▸ TASK OBJECTIVE: Only the lines below starting at the one containing "Slide: The Image" and ending at the one containing "Stool no. 1" belong in the answer, each copied exactly.

::: PROVIDED ENTRIES :::

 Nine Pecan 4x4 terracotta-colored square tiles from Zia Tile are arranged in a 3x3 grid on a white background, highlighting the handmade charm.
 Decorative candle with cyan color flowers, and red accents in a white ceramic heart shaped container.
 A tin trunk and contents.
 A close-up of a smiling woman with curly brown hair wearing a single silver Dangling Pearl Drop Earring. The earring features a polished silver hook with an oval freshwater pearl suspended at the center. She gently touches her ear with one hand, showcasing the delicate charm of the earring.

:::
::: PROVIDED ENTRIES :::

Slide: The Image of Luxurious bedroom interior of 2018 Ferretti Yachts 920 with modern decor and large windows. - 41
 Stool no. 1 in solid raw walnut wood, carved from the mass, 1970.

:::

▸ ANSWER AREA:
Slide: The Image of Luxurious bedroom interior of 2018 Ferretti Yachts 920 with modern decor and large windows. - 41
 Stool no. 1 in solid raw walnut wood, carved from the mass, 1970.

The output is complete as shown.